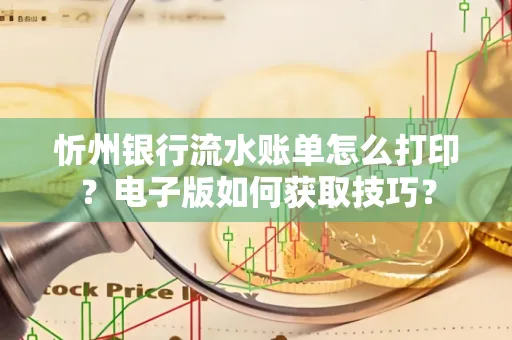 忻州银行流水账单怎么打印?电子版如何获取技巧?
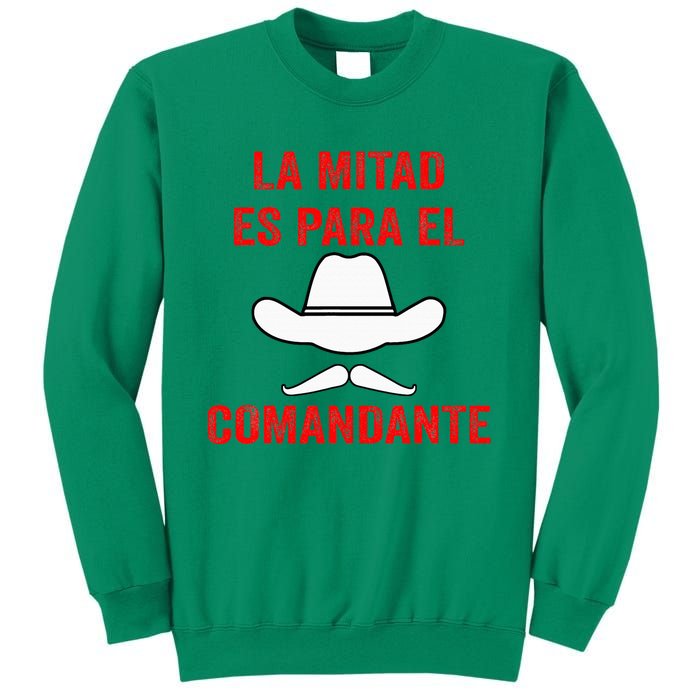 Honduras La Mitad Es Para El Comandante Sweatshirt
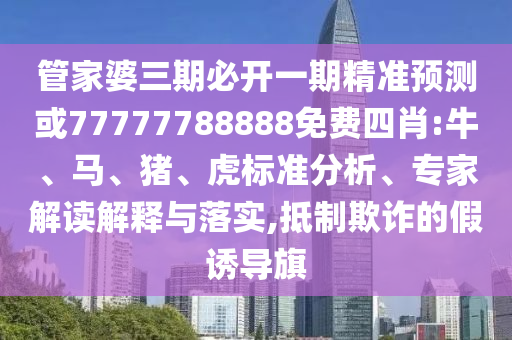 管家婆三期必开一期精准预测或77777788888免费四肖:牛、马、猪、虎标准分析、专家解读解释与落实,抵制欺诈的假诱导旗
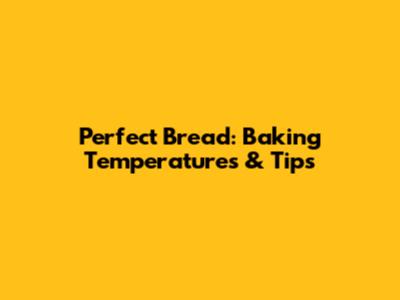 Perfect Bread: Baking Temperatures & Tips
+--
What you have to do
In full and without any pictures, print the listing above exactly.

Answer
 忻州银行流水账单怎么打印?电子版如何获取技巧?
 Honduras La Mitad Es Para El Comandante Sweatshirt
 管家婆三期必开一期精准预测或77777788888免费四肖:牛、马、猪、虎标准分析、专家解读解释与落实,抵制欺诈的假诱导旗
 Perfect Bread: Baking Temperatures & Tips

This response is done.